-- Directions for this task --
Wherever a picture appears in the data below, omit it, and restate everything else word for word.

-- Supplied material --
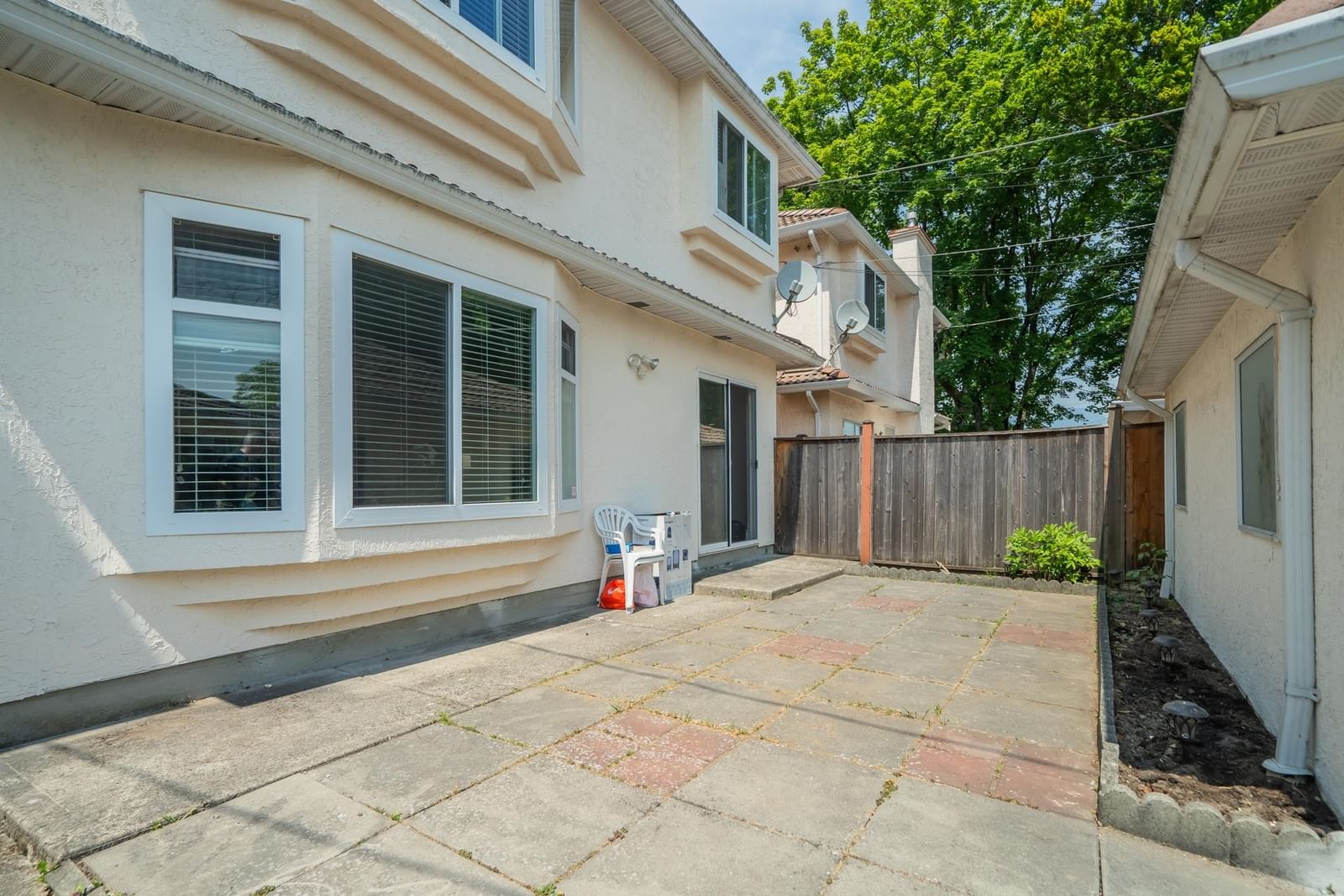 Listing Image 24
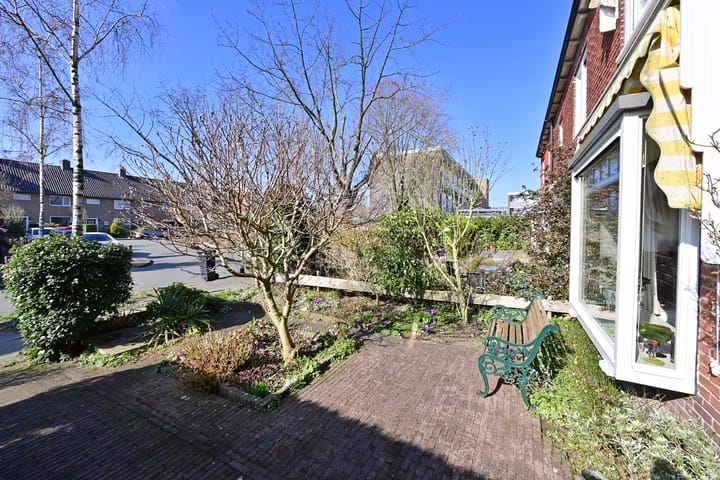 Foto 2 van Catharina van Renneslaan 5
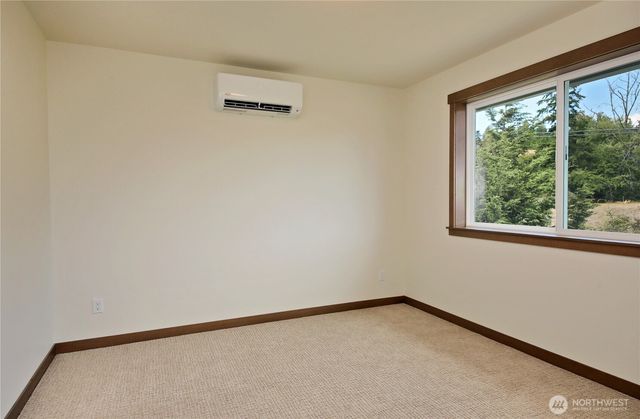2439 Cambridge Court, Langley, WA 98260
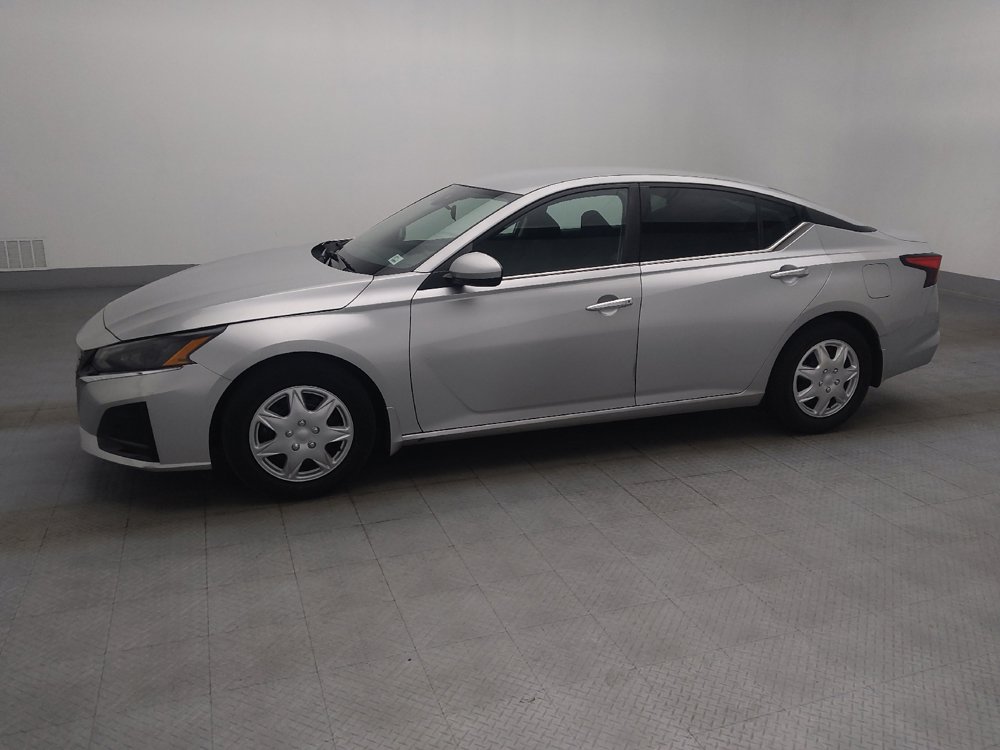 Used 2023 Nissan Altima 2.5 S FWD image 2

-- Exercise result --
 Listing Image 24
 Foto 2 van Catharina van Renneslaan 5
2439 Cambridge Court, Langley, WA 98260
 Used 2023 Nissan Altima 2.5 S FWD image 2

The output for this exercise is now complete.